- **What you are asked to do**
The entries are given below. Output each one unchanged.

(Records from a data collection)
* * *

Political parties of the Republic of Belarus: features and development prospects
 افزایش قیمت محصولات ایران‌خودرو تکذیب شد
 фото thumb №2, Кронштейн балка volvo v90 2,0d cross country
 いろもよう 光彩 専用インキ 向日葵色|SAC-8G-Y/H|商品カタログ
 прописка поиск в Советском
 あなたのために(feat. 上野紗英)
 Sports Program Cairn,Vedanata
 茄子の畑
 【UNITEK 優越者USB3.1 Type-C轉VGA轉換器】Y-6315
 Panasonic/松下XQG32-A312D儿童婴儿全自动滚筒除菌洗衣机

* * *

- **Solution to this exercise**
Political parties of the Republic of Belarus: features and development prospects
 افزایش قیمت محصولات ایران‌خودرو تکذیب شد
 фото thumb №2, Кронштейн балка volvo v90 2,0d cross country
 いろもよう 光彩 専用インキ 向日葵色|SAC-8G-Y/H|商品カタログ
 прописка поиск в Советском
 あなたのために(feat. 上野紗英)
 Sports Program Cairn,Vedanata
 茄子の畑
 【UNITEK 優越者USB3.1 Type-C轉VGA轉換器】Y-6315
 Panasonic/松下XQG32-A312D儿童婴儿全自动滚筒除菌洗衣机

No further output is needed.